In saying that, they're definitely on the larger side of the scale, but rather than sticking straight out, the earbuds are kind of long and when I first saw them I wondered how they would balance once inserted in my ears. There's a loud and proud JBL logo on each bud, so people won't be in any doubt which brand you've chosen.

That logo actually covers physical control buttons which trigger different operations on each bud, depending on how many times you tap them. There's a definite, physical click with each push which certainly reduces the risk of accidental pushes as I've encountered on other touch-based controls. The buttons are not customiseable though, so you'll have to refer to the quick setup guide and familiarise youself with the controls if they're not intuitively what you thought they'd be. One push of the right-hand bud to play/pause or answer calls makes sense. A double press on the left-hand bud to skip back a track perhaps less so. I certainly like the tactile nature of these controls, but I missed the ability to adjust volume up and down - you'll have to do this on the connected device itself.

The Free X's address a few common issues I've had with other wireless earbuds. For starters, they're IPX5 certified, meaning they're splashproof so you can go running in the rain no worries. Why anybody would want to go running in the rain is more of a mystery, but at least you can do so knowing your earbuds won't die if you do.

The other thing that won't die is the battery. JBL claims you'll get up to four hours of continuous use and I've certainly had no issues reaching close to that mark. Four hours isn't the longest listening time out there, but a big bonus with the Free X setup is the charging case - and I do mean big. The case is certainly one of the larger ones I've come across, but presumably this is because of its superior battery life. While other cases carry enough juice for one or two extra charges on the go, the Free X case will charge the buds another five times! That'll keep you going for a full 24 hours, which could serve you well on your next long-haul Netflix binge.

Long-term listening shouldn't be a problem comfort-wise, as despite my initial concerns, the Free X buds are surprisingly balanced once inserted and feel almost weightless. There is a "but" though... I found getting the right fit somewhat challenging. The Free X comes with three sizes of eartips and two sizes of something I've never seen before; gel sleeves that alter the size and shape of the whole earbuds themselves, not just the tip.

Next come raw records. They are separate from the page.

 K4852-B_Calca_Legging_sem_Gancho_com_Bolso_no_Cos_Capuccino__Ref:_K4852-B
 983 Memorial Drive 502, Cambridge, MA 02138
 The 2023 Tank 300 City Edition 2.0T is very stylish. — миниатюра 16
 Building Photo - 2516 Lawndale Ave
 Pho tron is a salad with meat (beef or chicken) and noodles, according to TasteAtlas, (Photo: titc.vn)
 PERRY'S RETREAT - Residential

This seems like a good idea in theory, as no two ears are the same shape. Trouble is, making the already large Free X buds bigger isn't a great solution. As it turns out, not only are my ears different to everyone else's, they're different to each other. I ended up using a sleeve on one side but not on the other. This provides a secure enough fit to get me through my 7km run with only a minimum amount of fiddling around to keep the earpieces in place. However, during more rigorous activity, like digging holes, I actually had earbuds fall out from time to time which is not ideal given they're "truly wireless."

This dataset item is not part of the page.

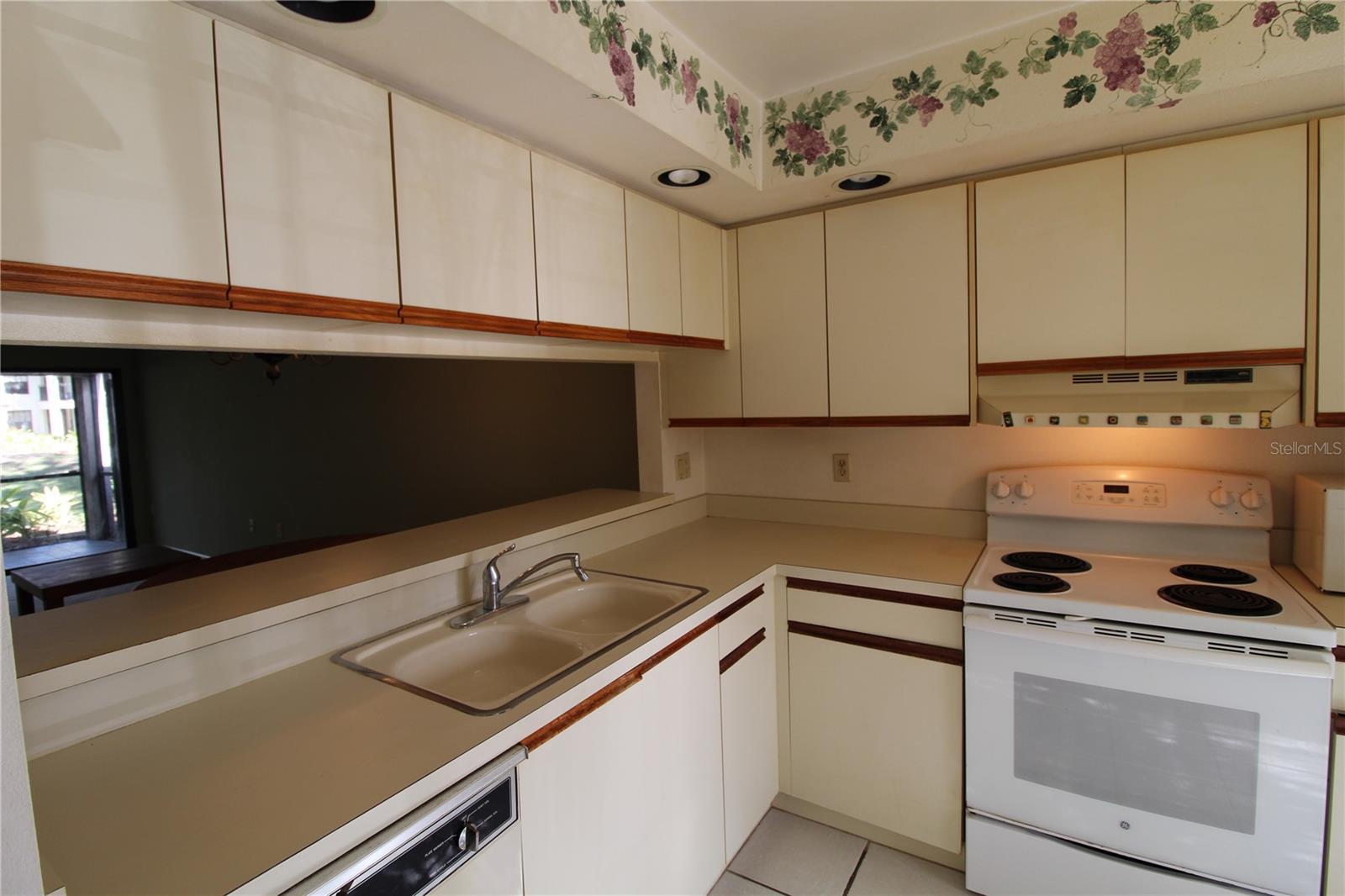4713 WINSLOW BEACON #5, SARASOTA, FL, 34235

Of course, the tricky thing with any earbuds is what fits perfectly for one person, might be completely wrong for someone else - and vice versa. The first company to offer a try-before-you-buy option might be onto a winner.

Perhaps the most important thing is sound quality though and here, as usual, JBL delivers a solid performance. Unlike many of its other devices, the playback isn't particularly bass-heavy, although this might be partly due to my lack of a really tight seal with the way the Free X buds fit. This also means background noise does get in a bit, although you can wind up the volume plenty loud enough to drown most things out. (Even complaining teenagers, I've discovered)

I found call quality to be very clear. For some reason the Free X defaults to mono on the right side when making or taking a call. The JBL website lists this as a positive "more natural" feature. I'm not sure what's more natural about having a conversation in only one ear but maybe I'm missing something.

Where the JBL Free X really wins out is price - available for around $200 at many retailers, the compromises on perfect fit and ultimate audio could well be worth making if you're looking to save a hundred bucks or so. Especially if you've got good-sized ear-holes.